Extracted entries:
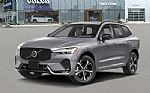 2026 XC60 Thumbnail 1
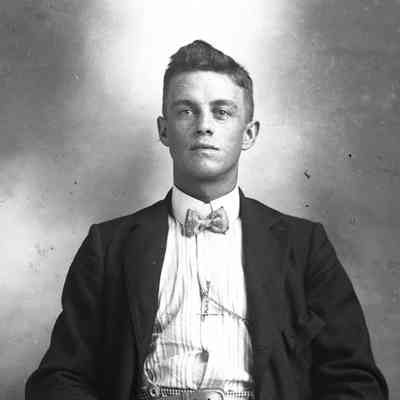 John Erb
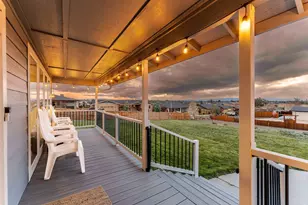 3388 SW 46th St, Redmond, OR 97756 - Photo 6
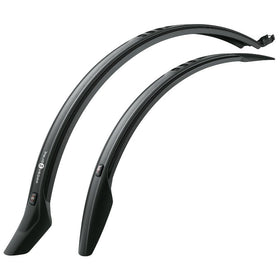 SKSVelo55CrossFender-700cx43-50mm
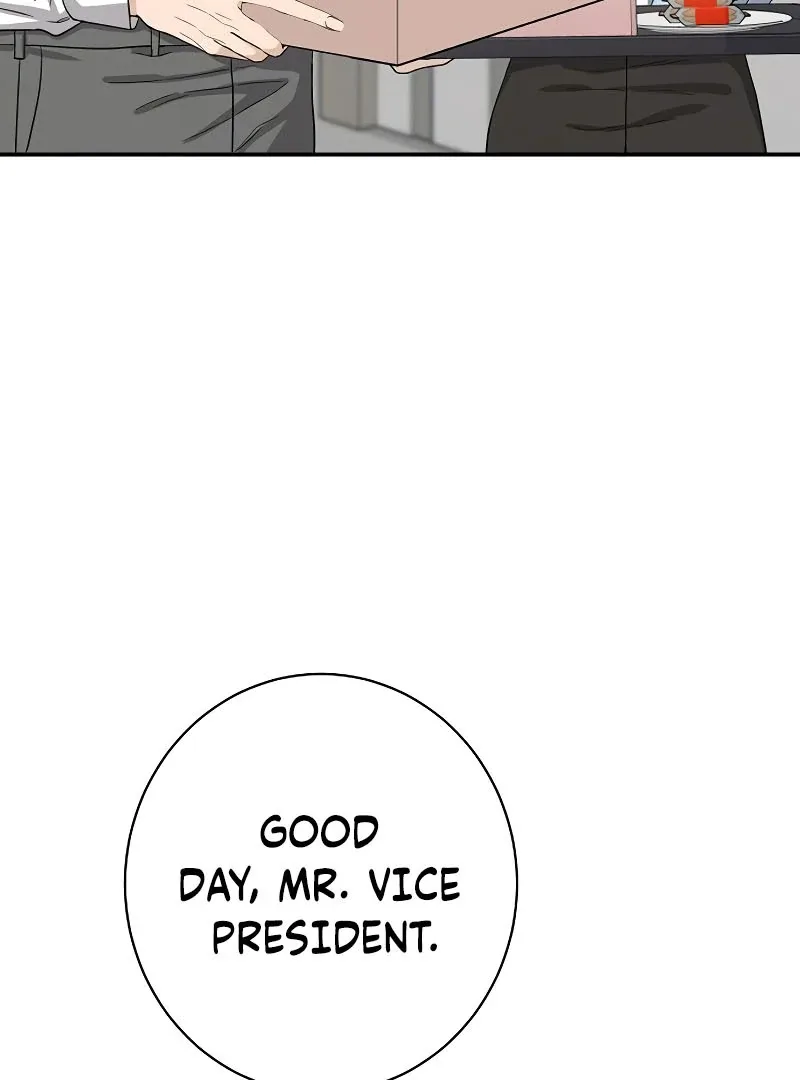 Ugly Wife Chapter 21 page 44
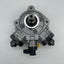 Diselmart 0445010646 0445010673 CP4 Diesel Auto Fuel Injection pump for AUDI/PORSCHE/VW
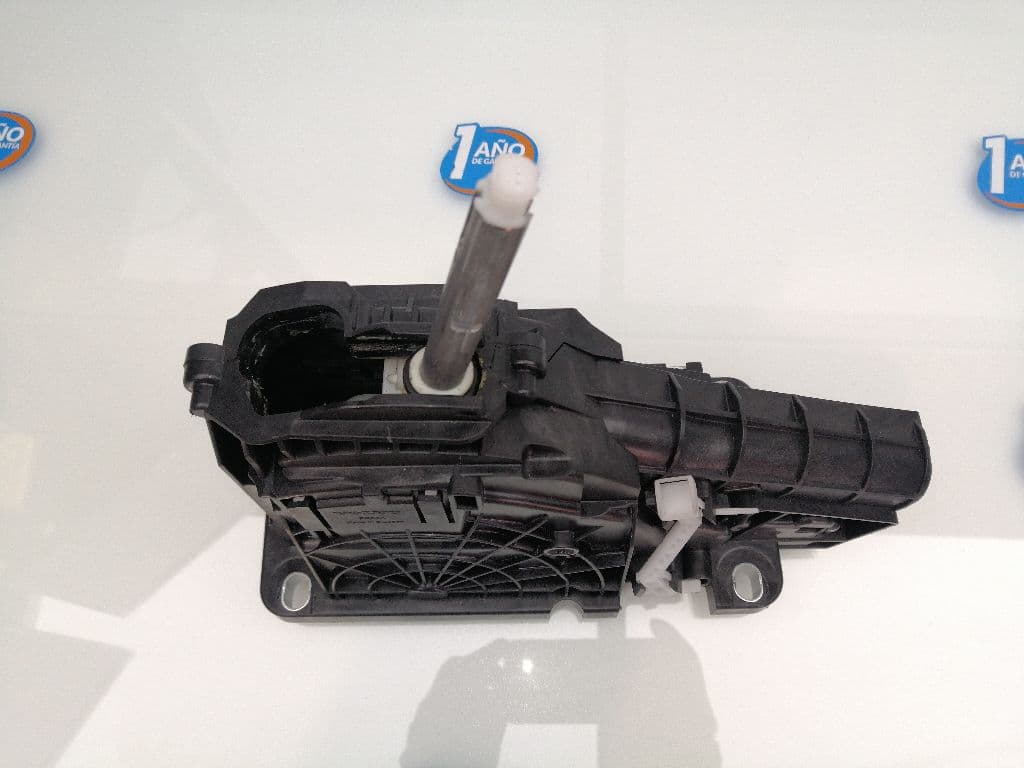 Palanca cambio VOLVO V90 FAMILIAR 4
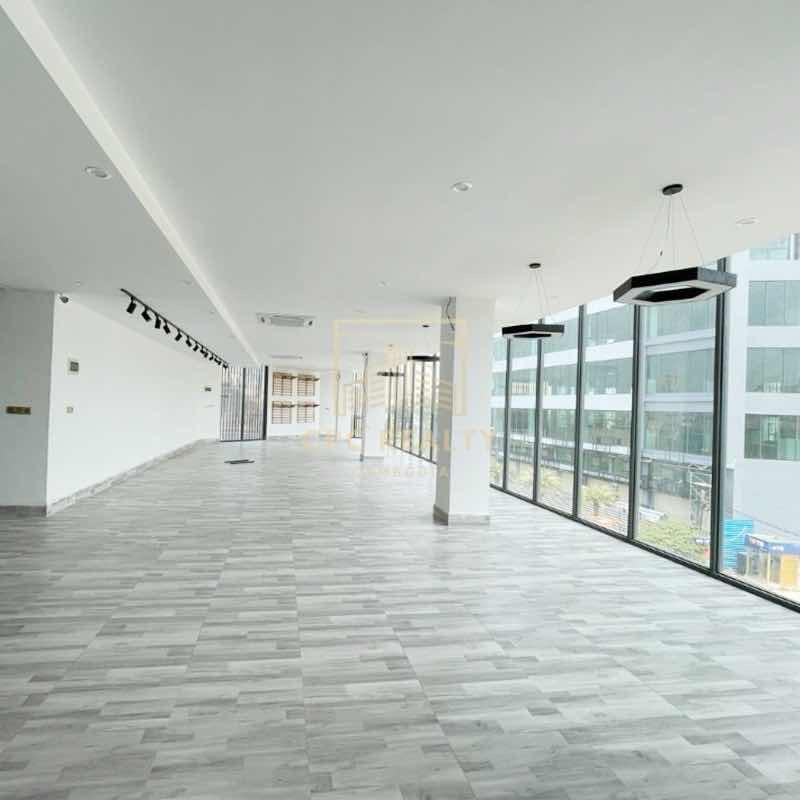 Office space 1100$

Exercise description:
Copy the listing exactly. Any image in it stays out of the copy.

Written response:
 2026 XC60 Thumbnail 1
 John Erb
 3388 SW 46th St, Redmond, OR 97756 - Photo 6
 SKSVelo55CrossFender-700cx43-50mm
 Ugly Wife Chapter 21 page 44
 Diselmart 0445010646 0445010673 CP4 Diesel Auto Fuel Injection pump for AUDI/PORSCHE/VW
 Palanca cambio VOLVO V90 FAMILIAR 4
 Office space 1100$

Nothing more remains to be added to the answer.